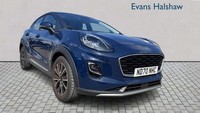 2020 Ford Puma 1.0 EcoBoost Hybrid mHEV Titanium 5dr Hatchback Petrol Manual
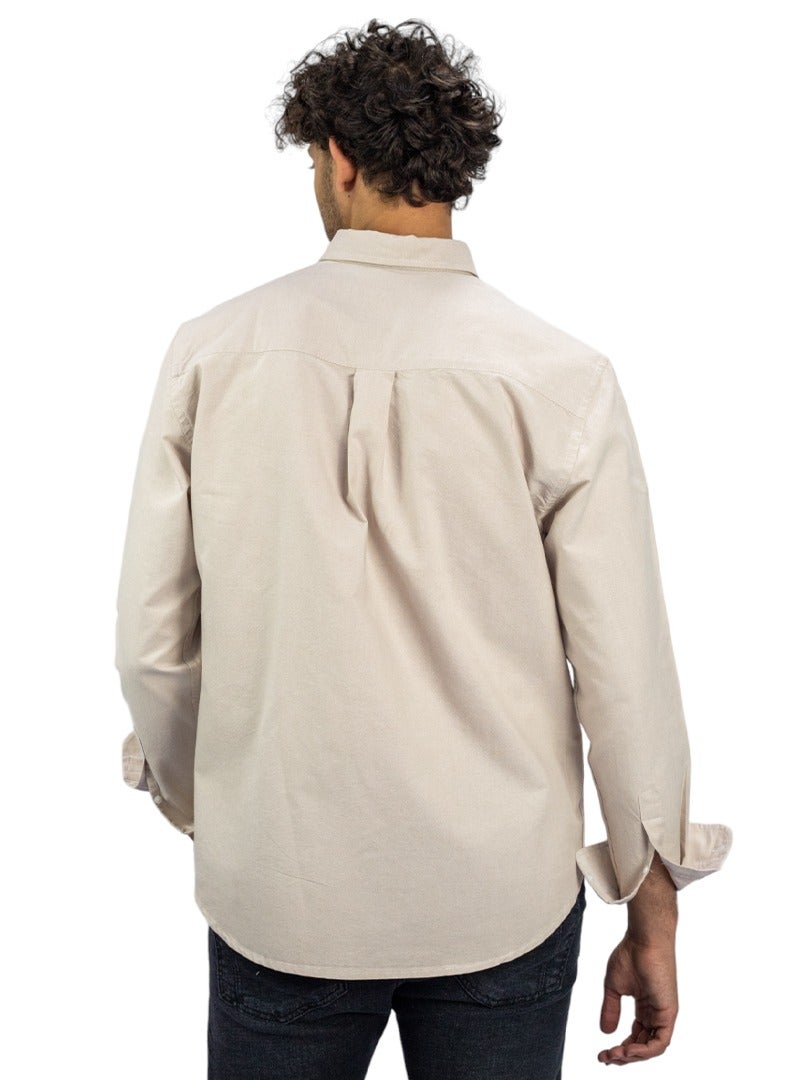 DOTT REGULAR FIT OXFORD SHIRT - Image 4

---

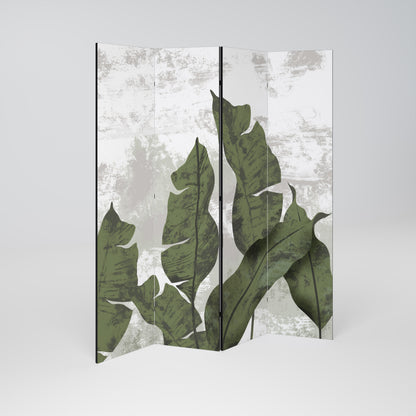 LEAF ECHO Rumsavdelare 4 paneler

...

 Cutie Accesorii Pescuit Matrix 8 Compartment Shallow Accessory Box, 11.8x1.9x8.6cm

-- What this task involves --
With the pictures omitted, restate word for word the lines above from the line that has "2020 Ford Puma" up to and including the line that has "DOTT REGULAR FIT OXFORD SHIRT - Image 4", and no other lines.

-- Task solution --
 2020 Ford Puma 1.0 EcoBoost Hybrid mHEV Titanium 5dr Hatchback Petrol Manual
 DOTT REGULAR FIT OXFORD SHIRT - Image 4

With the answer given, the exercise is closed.